Questionnaires: All self-report measures collected at V1 were entered in the model. Because the questionnaires were on different scales, the data were normalized.

SVM for classifying PTxResp and PTxNonR

Support vector machine (SVM) was used to discriminate between PTxResp and PTxNonR using fitcsvm function implemented in Matlab. We implemented a LOOCV procedure where SVM models were trained in an inner loop (n = 42) and applied to a left-out participant. The box constraint and the radial basis function (rbf) kernel were optimized through a tenfolds cross validation strategy within the inner loop. Once the optimal SVM model was identified, it was applied to classify the left-out patient as a PTxResp or PTxNonR.

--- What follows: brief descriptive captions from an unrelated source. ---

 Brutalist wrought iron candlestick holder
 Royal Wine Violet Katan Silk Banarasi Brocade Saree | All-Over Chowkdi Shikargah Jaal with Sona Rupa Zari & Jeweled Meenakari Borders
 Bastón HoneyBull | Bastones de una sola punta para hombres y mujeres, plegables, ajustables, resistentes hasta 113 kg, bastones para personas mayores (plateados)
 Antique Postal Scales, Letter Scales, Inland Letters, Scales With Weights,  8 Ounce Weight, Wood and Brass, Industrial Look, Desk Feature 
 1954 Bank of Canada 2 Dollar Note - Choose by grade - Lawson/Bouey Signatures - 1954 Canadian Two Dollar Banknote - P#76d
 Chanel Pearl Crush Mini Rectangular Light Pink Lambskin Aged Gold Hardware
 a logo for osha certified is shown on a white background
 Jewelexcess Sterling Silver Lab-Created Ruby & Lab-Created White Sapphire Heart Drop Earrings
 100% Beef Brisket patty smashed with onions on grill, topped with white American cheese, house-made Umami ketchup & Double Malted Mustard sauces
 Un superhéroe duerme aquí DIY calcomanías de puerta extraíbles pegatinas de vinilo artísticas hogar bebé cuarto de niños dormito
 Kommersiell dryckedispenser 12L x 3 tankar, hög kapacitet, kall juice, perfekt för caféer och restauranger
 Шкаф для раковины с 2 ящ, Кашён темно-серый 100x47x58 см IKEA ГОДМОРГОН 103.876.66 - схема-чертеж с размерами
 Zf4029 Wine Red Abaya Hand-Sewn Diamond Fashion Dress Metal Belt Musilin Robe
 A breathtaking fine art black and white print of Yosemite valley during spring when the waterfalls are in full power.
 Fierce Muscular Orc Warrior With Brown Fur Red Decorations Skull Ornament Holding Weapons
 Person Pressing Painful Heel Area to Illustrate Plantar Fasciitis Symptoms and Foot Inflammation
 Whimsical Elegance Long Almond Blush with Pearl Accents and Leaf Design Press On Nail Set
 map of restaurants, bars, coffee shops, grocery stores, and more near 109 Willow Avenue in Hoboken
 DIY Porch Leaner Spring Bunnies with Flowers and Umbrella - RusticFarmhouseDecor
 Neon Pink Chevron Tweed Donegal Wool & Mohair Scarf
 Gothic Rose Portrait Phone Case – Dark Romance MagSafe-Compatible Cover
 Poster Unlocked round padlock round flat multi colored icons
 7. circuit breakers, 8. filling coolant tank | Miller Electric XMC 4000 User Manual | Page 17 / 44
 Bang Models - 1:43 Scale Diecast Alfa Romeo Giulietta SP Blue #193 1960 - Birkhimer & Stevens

LASSO for predicting magnitude of response

We used Least Absolute Shrinkage and Selection Operator (LASSO) regressions to train a model predicting the magnitude of response. Here again, we used a nested LOOCV procedure where models were trained in an inner loop (n = 42) and applied to a left-out participant. The inner loop determined feature selection and lambda regularization parameters using tenfolds cross-validation. The generalization error was estimated by testing the model to the left-out patient. The procedure was performed using the lasso function, implemented in Matlab.

Statistical analyses

A description of each statistical test and its exact values are reported in Supplementary Table 7. All test performed in this study were two-sided.

Data availability

Data from our previous studies are already available on http://www.openpain.org/. The data are part of a longitudinal study that will generate more than one manuscript. The data will eventually be made available on open pain once these manuscripts are completed. Since then, data are available upon reasonable request.